Founded in 1990 as a family-owned business, Rocky Mountaineer provides scenic adventures throughout western Canada. Across three main routes — First Passage to the West, Journey Through the Clouds and Rainforest to Gold Rush — the train introduces passengers to some of the best sights in the Rockies while pampering them with on-board luxuries like incredible food cooked by talented chefs.

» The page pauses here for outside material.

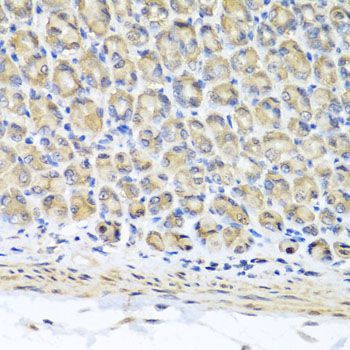 Immunohistochemistry - STK3 Polyclonal Antibody (144-06992)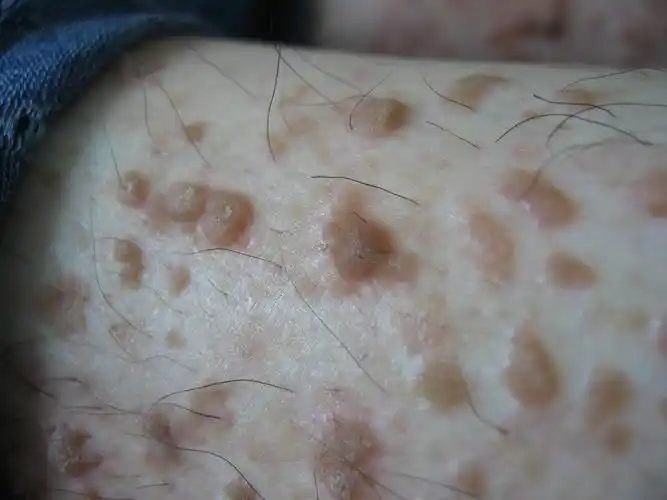 看图识病疣状皮肤角化不全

Kicking Horse Pass. Credit: Dick Thompson | CC BY-SA 2.0

Just some of the breathtaking sights travellers will enjoy front-row seats to include Hells Gate, a thunderous section of the Fraser River caused by the sudden narrowing of cliff-line; Kicking Horse Pass, the high mountain pass that marks the border of British Columbia and Alberta; and Mount Robson, the tallest mountains in the Canadian Rockies. Through the train’s windows, passengers will also spy the Painted Bluffs, a multi-hued rock formation near Kamloops that is the result of thousands of years of erosion; Pyramid Falls, a 300-metre cascade located between Blue River and Valemount; and the Spiral Tunnels, a historic passageway through Cathedral Mountain that was a feat of early 20th-century engineering. In fact, Rocky Mountaineer is the only regularly scheduled passenger train that has the privilege of passing through these tunnels.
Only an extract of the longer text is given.